There doesn't seem to be a clear definition of what makes a Long GOP and it seems that most sources define it as any GOP structure that includes P and B frames, in other words the codec is intra only or mixed. The maximum GOP size depends on the specifications of the decoder. The longer the GOP, the more memory is needed to store the frames needed to decode it. For MPEG-2 on DVD the maximum GOP size is 15 frames for PAL and 18 frames for NTSC frame rates, because DVD players were not expected to have large frame buffers. YouTube recommends IBBP, with the GOP size to not exceed half the frame rate ("2 consecutive B frames. Closed GOP. GOP of half the frame rate"). x264 is a library often used for H.264 coding; x264 implements a dynamic GOP size. For fast action sections of content a shorter GOP size would be more appropriate and for longer shots a longer GOP size is better.
Users may have come across intra only codecs when using MPEG IMX, AVC-Intra, ProRes or MJPEG. They would have encountered Long GOP when using AVCHD or AVCCAM. Typically the user only gets to choose the codec and the output bit rate. Some cameras let you choose the length of a GOP. Long GOP codecs are said to struggle with movement, in the case of the bit rate being too low then residual images become ineffective.

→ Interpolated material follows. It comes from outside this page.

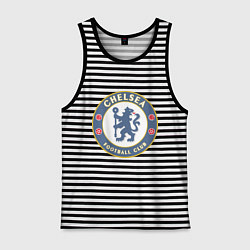 Майка мужская хлопок Chelsea FC, цвет: черная тельняшка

Usually the motion vectors and residual are not determined using information about the content type. For example, static camera motion does not result in changing the motion estimation strategy, even after hundreds of frames have been coded. Most people encode video using a single set of parameters at the start of the encode even though the content might change drastically. Generally you can get away with this but it is far from optimal.
Some codecs that can switch between intra and Long GOP also switch to 4:2:0 color subsampling because the manufacturers assume that Long GOP is only about maximizing compression. This would not be ideal for doing green screen work.
Finally, another factor in GOP design is open and closed GOPs. In an open GOP, B frames can reference frames from previous and future GOPs but closed GOPs are completely self contained. Closed GOPs can result in extra P frames being added, because a GOP cannot end in a B frame. If you edit a frame in one GOP it can affect the prediction of a frame in another GOP, for this reason some editing software prefers closed GOPs. Another issue to be wary of is that some codecs make every I frame an IDR frame by default and therefore all GOPs are closed.
Using the ffprobe command from FFMPEG tools and the -show_frames option, the following table was produced:
|Samsung Galaxy Tab 4||IP||30|
|GoPro HERO 3||IP||15|
|Canon 5D mark 2||IP||12|
Note that some cameras have quality settings that may affect the codec parameters and that while we believe the video samples are direct from camera, some may have been transcoded without our knowledge. Naturally, most cameras use a simple IP type GOP because they don't carry enough memory to store the out of order frames required when encoding B frames.
Discussion and Last Words
The rate-distortion characteristics of modern codecs such as HEVC and H.264 mean that very good quality video can be obtained when using inter coded frames. If you want to achieve slightly more than modest compression, it's advisable to use inter coded frames.
- GOP means Group of Pictures, intra and inter coded frames usually in a repeating pattern.
- Long GOP means inter coded frames are used.
- (Long) GOPs are necessary for high compression via inter compression.
- Intra only coding is very high bit rate; use inter coding to reduce the bit rate but intra frames are required for navigation and error resilience.
- Proper use of GOP structure can result in better quality for higher compression.
If bit rate is not important or storage is unlimited, use intra frames. Forget that, use RAW - but you'll need very fast and large storage to make it easier to edit, copy and view.
The best type of codec depends on the end user, the type of content you are capturing, your editing computer power and your work flow.